Submitted to: Viruses
Publication Type: Peer Reviewed Journal
Publication Acceptance Date: 9/18/2024
Publication Date: 9/23/2024
Citation: Ramirez Medina, E., Velazquez Salinas, L., Valladares, A., Silva, E.B., Burton, L.J., Clark, J.A., Borca, M.V., Gladue, D.P. 2024. Evaluation of the deletion of African swine fever virus E111R gene from the Georgia isolate in virus replication and virulence in domestic pigs. Viruses. 16(9). Article 1502. https://doi.org/10.3390/v16091502.
DOI: https://doi.org/10.3390/v16091502

Interpretive Summary: African swine fever virus (ASFV) is the causative agent for African swine fever, a large virus with over 180 different open reading frames, where it is unknown if the encoding gene is essential for ASFV growth in cell culture or for pathogenesis. Here we investigated one of those genes, E111R, by deleting it from the ASFV genome, and concluded that there was no change in virus growth in cell culture or virus pathogenesis.

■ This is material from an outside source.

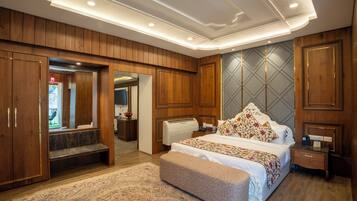 In-room safe, desk, laptop workspace, soundproofing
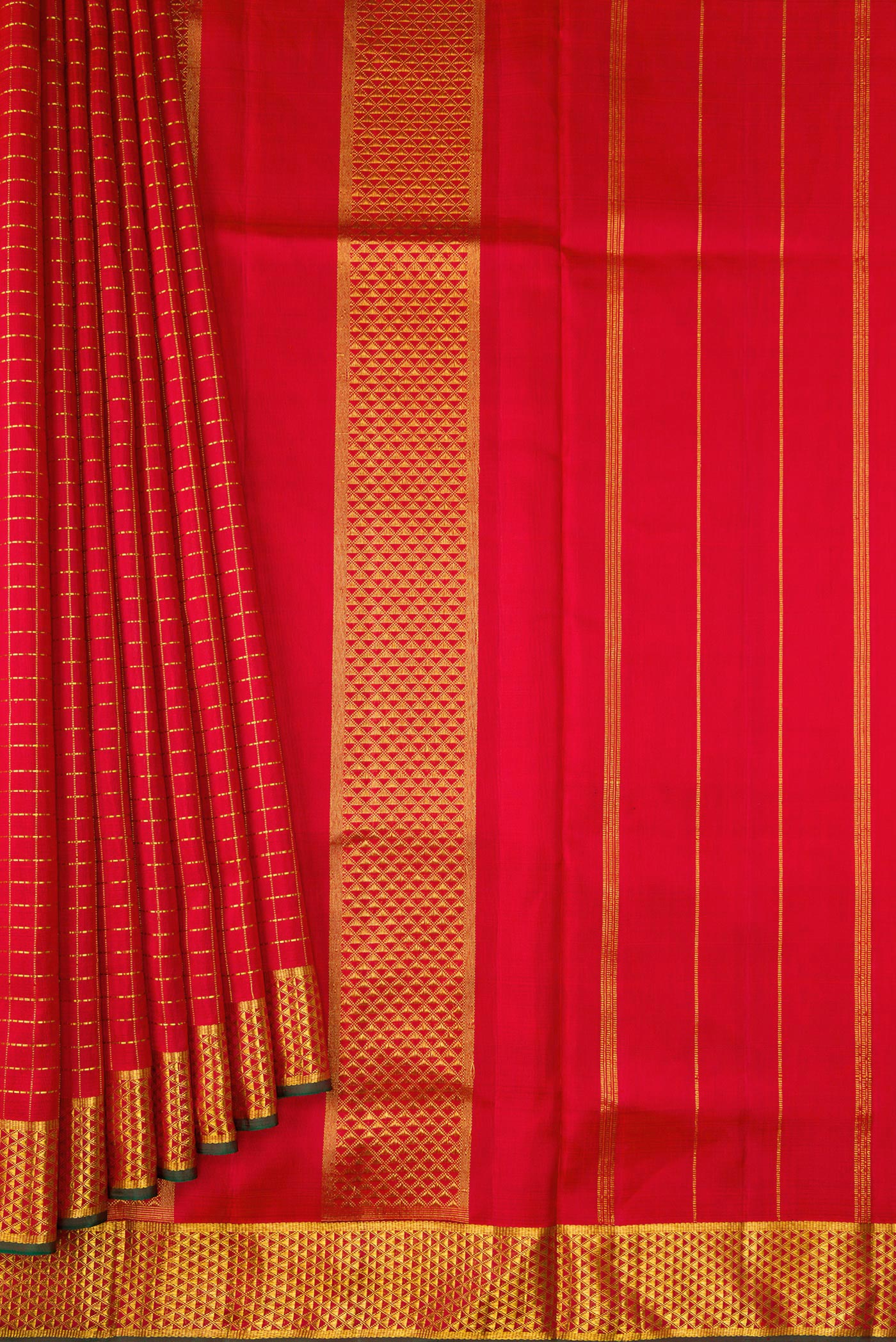 Pleats and pallu of Red Dual Tone Kanchipuram Silk Nine Yards Saree with Checked design on the body and Zari Border.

Technical Abstract: African swine fever virus (ASFV) is the causative agent of an often-lethal disease of domestic pigs, African swine fever (ASF). ASF is currently a pandemic disease challenging pig production in Eurasia. While ASFV genome encodes for over 160 proteins, the function of most of them are still not characterized. Among those ASF genes with un-known function is E111R gene. It has been recently reported that deletion of E111R gene from the genome of the virulent Chinese field isolate SY18 strain produced a reduction of virus virulence when inoculated at a relatively low dose. Conversely, we report here that deletion of the ASFV gene E111R in the Georgia 2010 isolate does not alter the virulence of the parental virus in experimentally inoculated pigs. A recombinant virus lacking the E111R gene, ASFV-G-deltaE111R was intramuscularly (IM) inoculated in domestic pigs at a dose of 102 HAD50 of ASFV-G-deltaE111R, and compared with animals that received a similar dose of virulent ASFV-G. Both animals inoculated with either the recombinant ASFV-G-deltaE111R or the parental virus developed a fatal form of the disease being euthanized around the 6th-7th day post inoculation.